Equally debilitating are cluster headaches, which strike their victims repeatedly for relatively short periods. A siege of intermittent pain can last several months. These headaches, which usually affect one side of the head in much the manner of migraines, are seven or eight times more likely to afflict men than women...
...John Graham, head of the Headache Research Foundation at Boston's Faulkner Hospital, believes that personality may be at least partially responsible, since clusters generally hit proud, hard-driving individuals who work under substantial self-imposed stress. Graham has found that most cluster sufferers are similar in appearance, with prominent masculine features and reddened, grainy, deeply furrowed skin. Dilation of blood vessels is also apparently present in clusters. Therefore liquor or a dose of any drug that expands vessels, like nitroglycerin, can trigger or worsen an attack...

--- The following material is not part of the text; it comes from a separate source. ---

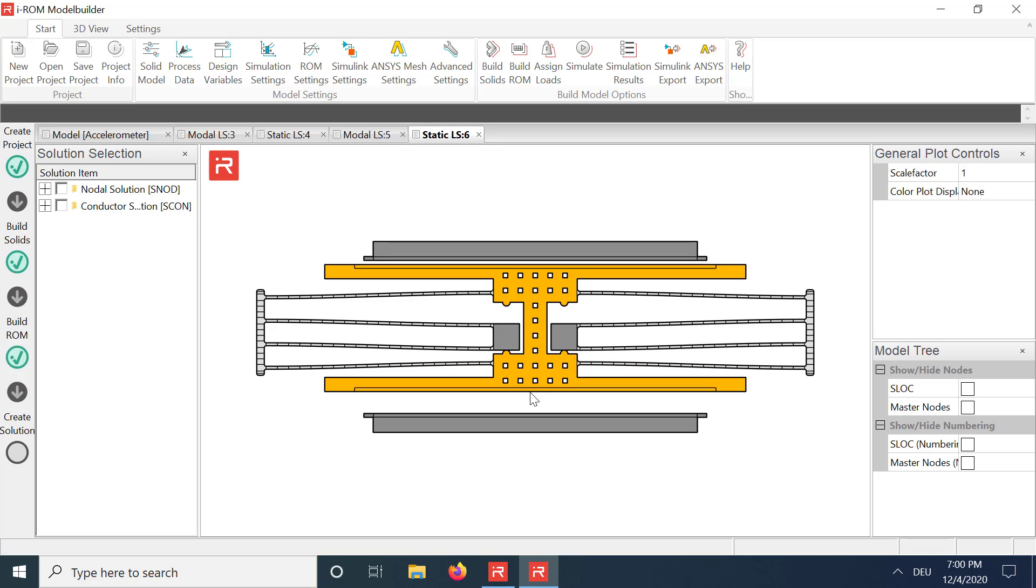I hope you enjoyed this video. The next tutorial introduces the modeling, and simulation of pull-in, and release voltages by non-linear static DC sweep analyses.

Modern medicine has more potent weapons. Ergotamine tartrate, an ergot, or rye fungus derivative, constricts painfully swollen blood vessels and helps many migraine-and cluster-headache patients. Tranquilizers can also provide short-term relief of the tension that can trigger a severe headache. Psychological treatment to uncover emotional causes has worked for many people. But for some patients, nothing works very well. Taking what small solace they can from the fact that they are in famous company, they must do what headache sufferers have done for many centuries -learn to endure their ailment...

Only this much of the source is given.